> _What is required_: Return the lines below exactly, please, from the one containing "Red Kadhua Pure" through the last one, both included, and leave out any pictures.

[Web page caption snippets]
'''
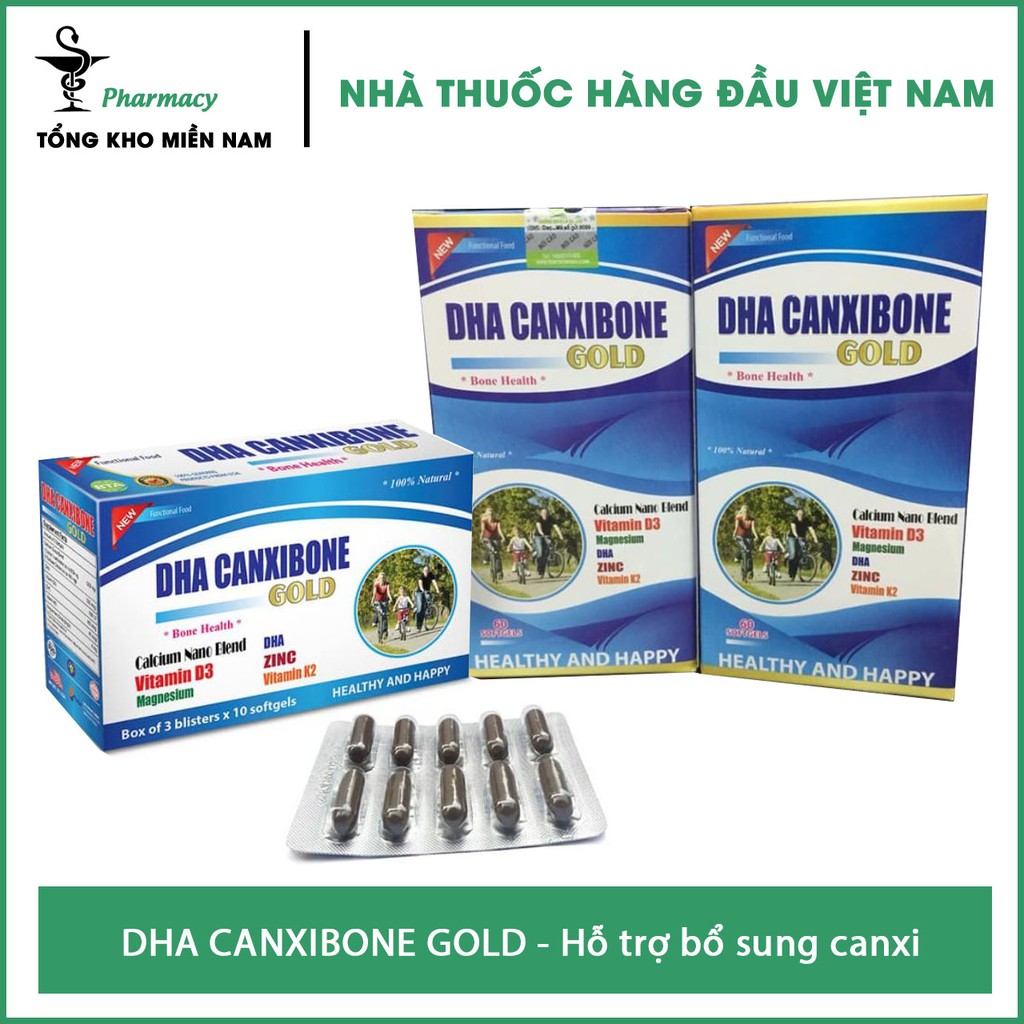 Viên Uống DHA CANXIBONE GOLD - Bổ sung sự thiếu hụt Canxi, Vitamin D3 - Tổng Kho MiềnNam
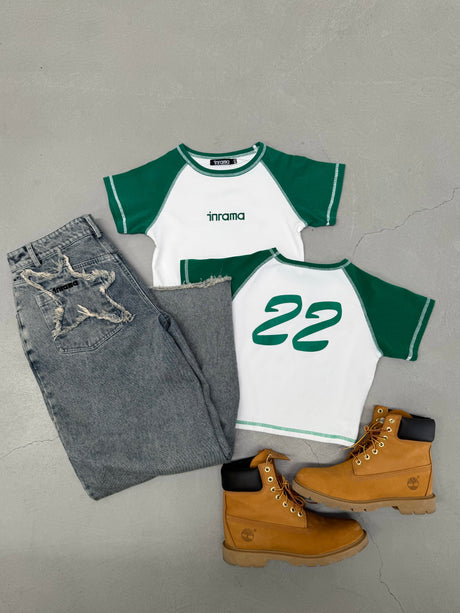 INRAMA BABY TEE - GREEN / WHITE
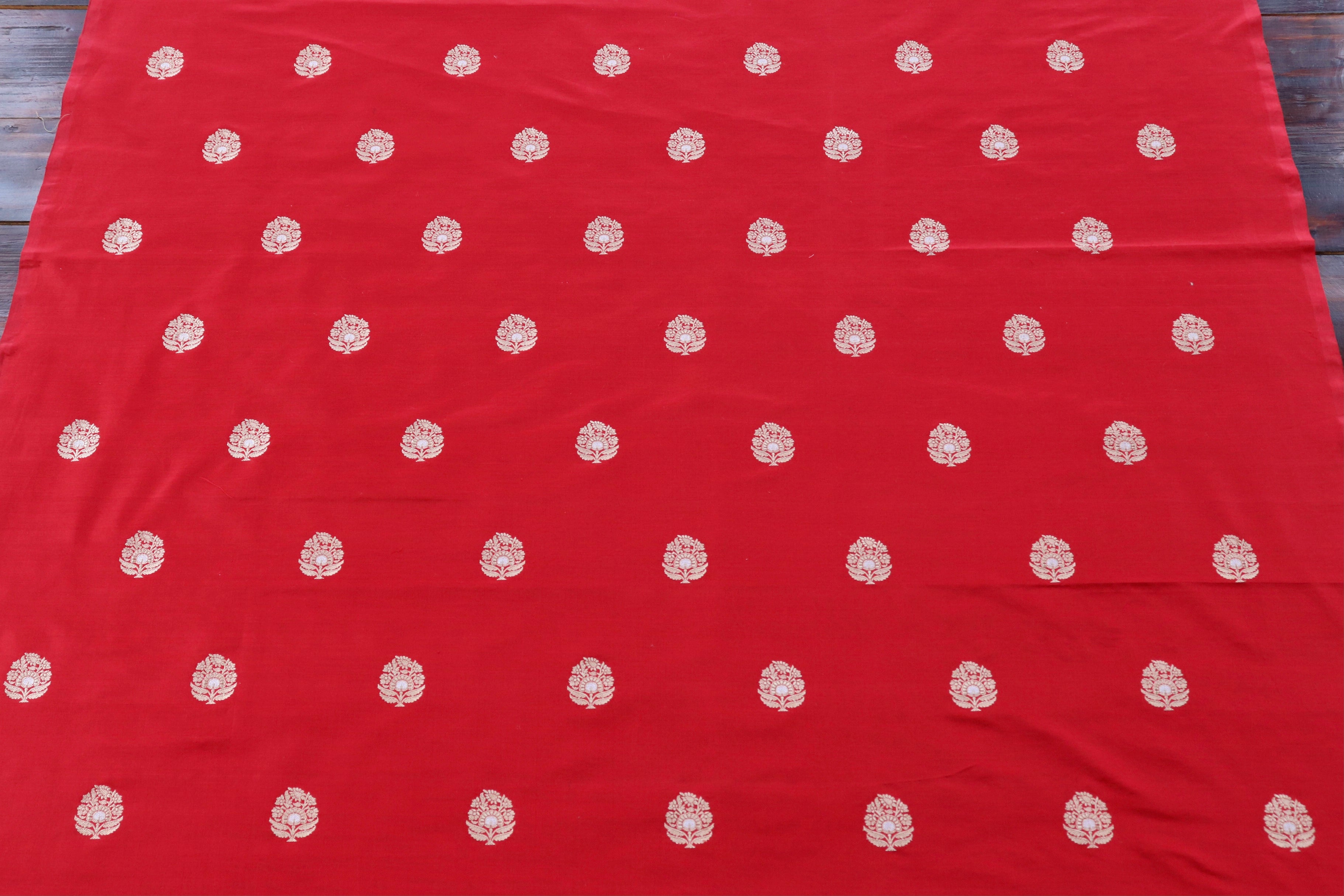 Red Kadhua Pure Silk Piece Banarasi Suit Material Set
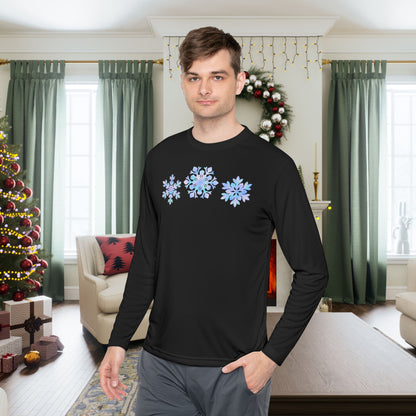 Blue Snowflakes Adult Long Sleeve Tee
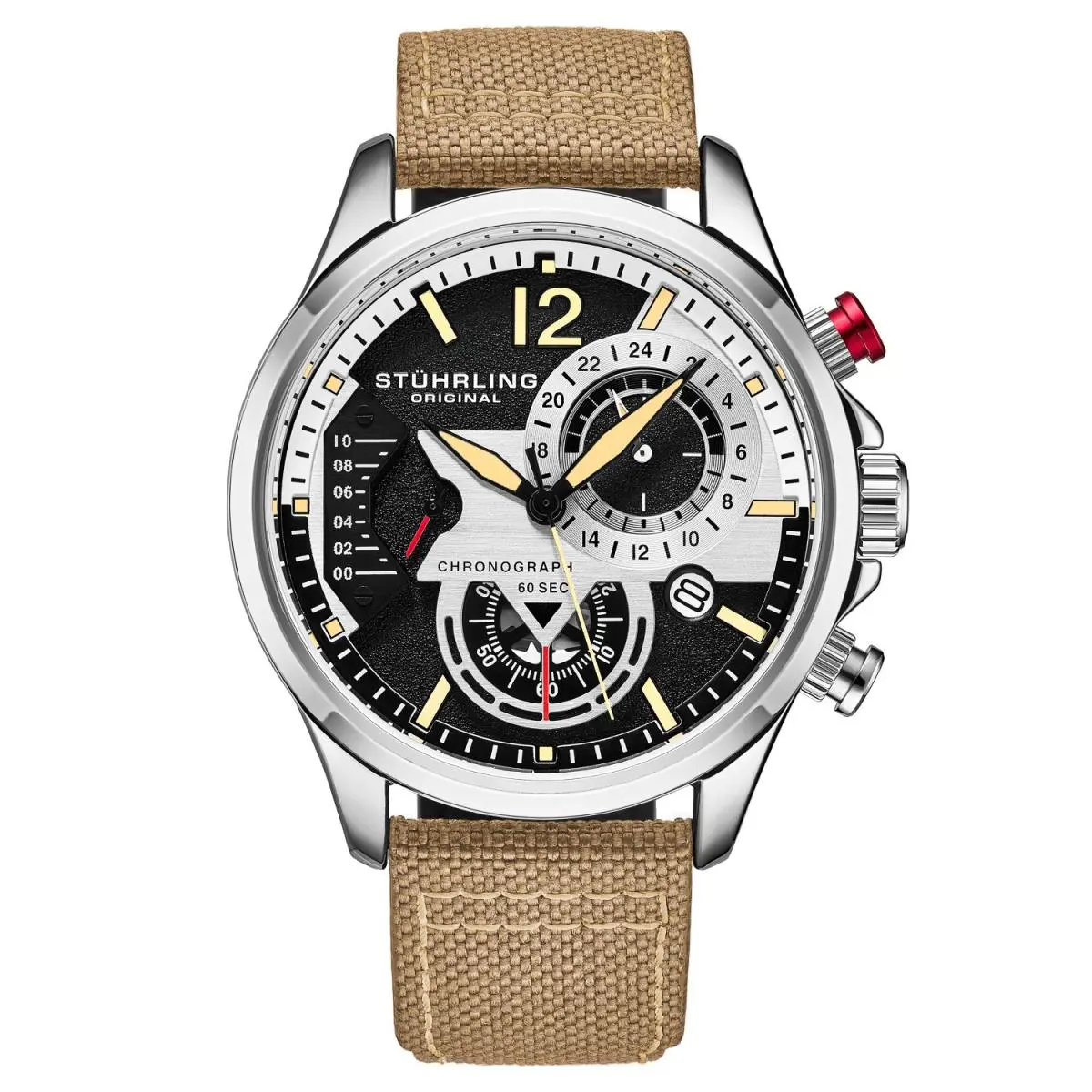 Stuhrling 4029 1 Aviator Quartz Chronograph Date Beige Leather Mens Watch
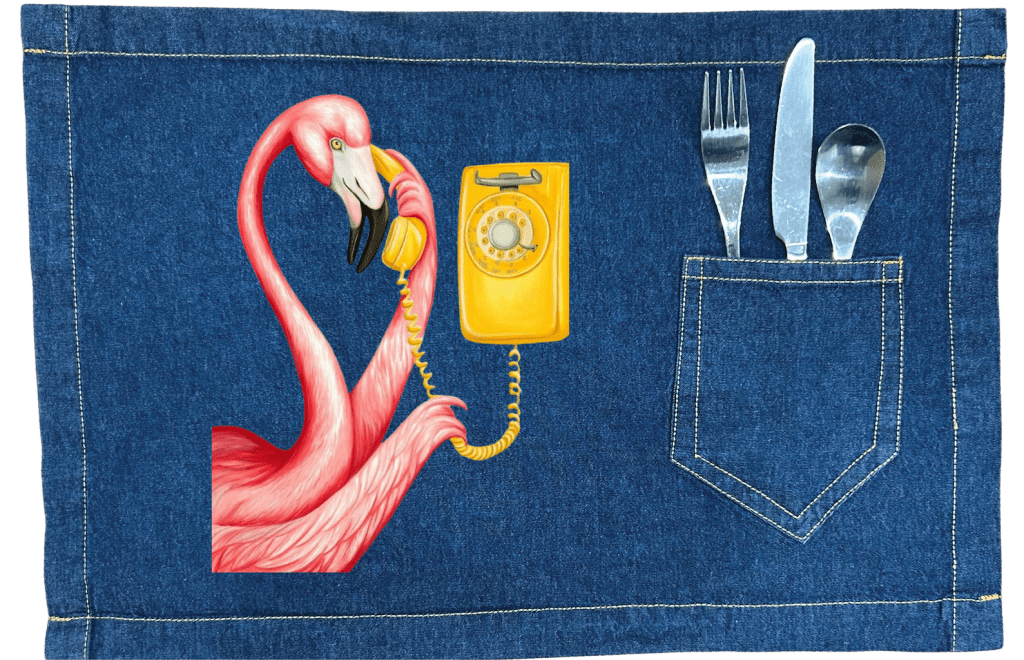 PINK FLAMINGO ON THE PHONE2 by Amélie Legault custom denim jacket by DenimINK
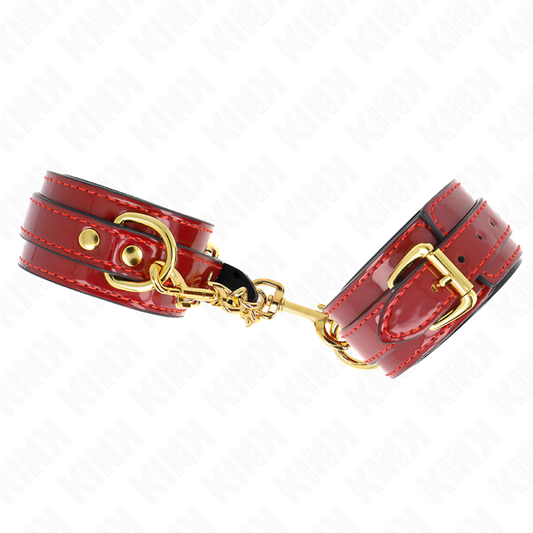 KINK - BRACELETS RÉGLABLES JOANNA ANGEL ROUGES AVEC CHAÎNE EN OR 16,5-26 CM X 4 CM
'''
> _Expected output_:
 Red Kadhua Pure Silk Piece Banarasi Suit Material Set
 Blue Snowflakes Adult Long Sleeve Tee
 Stuhrling 4029 1 Aviator Quartz Chronograph Date Beige Leather Mens Watch
 PINK FLAMINGO ON THE PHONE2 by Amélie Legault custom denim jacket by DenimINK
 KINK - BRACELETS RÉGLABLES JOANNA ANGEL ROUGES AVEC CHAÎNE EN OR 16,5-26 CM X 4 CM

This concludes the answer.